Die GoBD schreiben kein spezifisches Format vor, verlangen aber, dass das Dokument über die gesamte Aufbewahrungsfrist lesbar bleibt. PDF/A (ISO 19005) ist de facto der Standard für langzeitarchivierungsfähige PDFs, da alle Schriften eingebettet sind und keine externen Abhängigkeiten bestehen. Für GoBD-konforme Archivierung wird PDF/A-1b oder PDF/A-2b empfohlen.

Darf ich einen Jahresabschluss-PDF nachträglich noch einmal komprimieren?

Ja, sofern die Komprimierung keine inhaltlichen Änderungen am Dokument vornimmt. Eine reine Reduzierung der Dateigröße durch verlustfreie Komprimierung ist zulässig. Wichtig ist, dass Sie den Zeitpunkt der Komprimierung dokumentieren und sicherstellen, dass der Inhalt identisch bleibt. Verwenden Sie dafür vertrauenswürdige Tools wie LazyPDF, die ausdrücklich verlustfrei arbeiten.

Wie lange müssen Jahresabschlüsse für GmbHs aufbewahrt werden?

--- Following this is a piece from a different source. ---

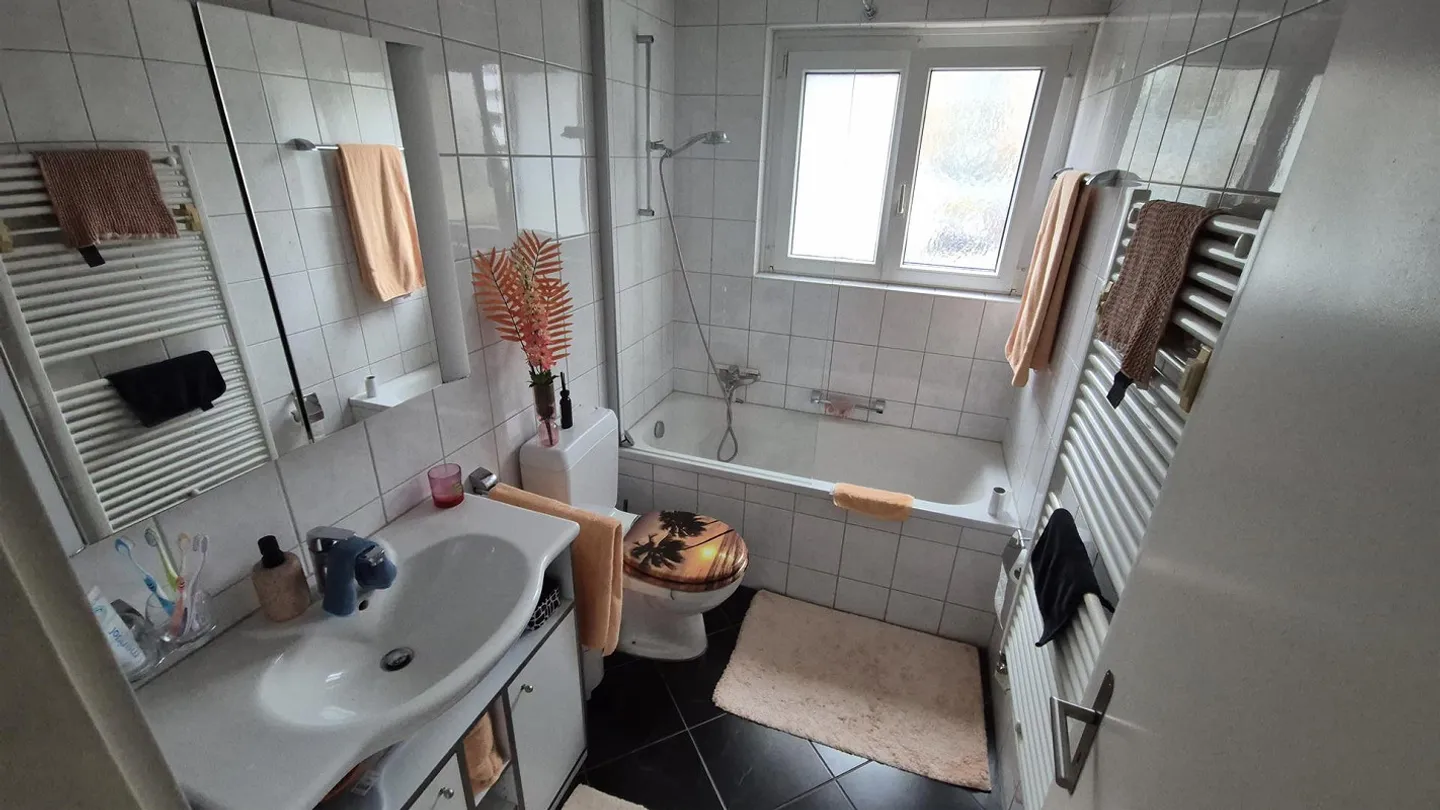 Appartamento con giardino 4.5 stanze a Frauenfeld - Foto 5 di 8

Für GmbHs gilt gemäß § 257 HGB eine Aufbewahrungsfrist von zehn Jahren für Jahresabschlüsse, Bilanzen, Inventare und Buchführungsunterlagen. Die Frist beginnt am Ende des Kalenderjahres, in dem das Dokument erstellt wurde. Bei laufenden Steuerverfahren oder Betriebsprüfungen kann die Aufbewahrungspflicht faktisch länger andauern.

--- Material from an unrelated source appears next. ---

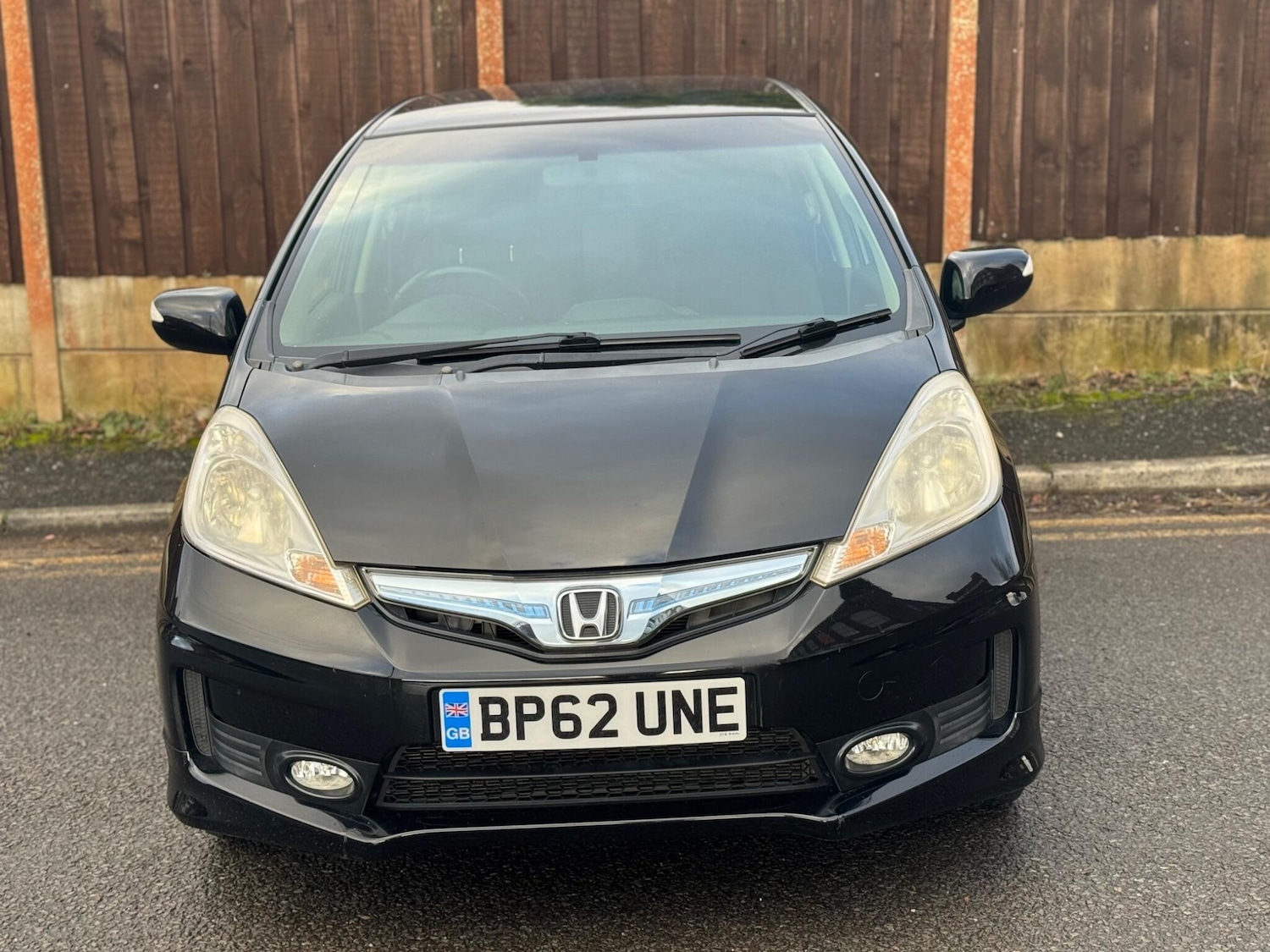 Used Honda Jazz 2024 for sale - 77132001: Photo 3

Kann ich den Jahresabschluss per E-Mail an das Finanzamt übermitteln?

Jahresabschlüsse werden in Deutschland in der Regel elektronisch über ELSTER oder das DATEV-Rechenzentrum übermittelt. Eine direkte Übermittlung per E-Mail an das Finanzamt ist nicht vorgesehen. Für Kapitalgesellschaften gilt zusätzlich die Pflicht zur elektronischen Veröffentlichung im Bundesanzeiger. PDF-Dokumente können als Anlagen zur elektronischen Steuererklärung über ELSTER hochgeladen werden.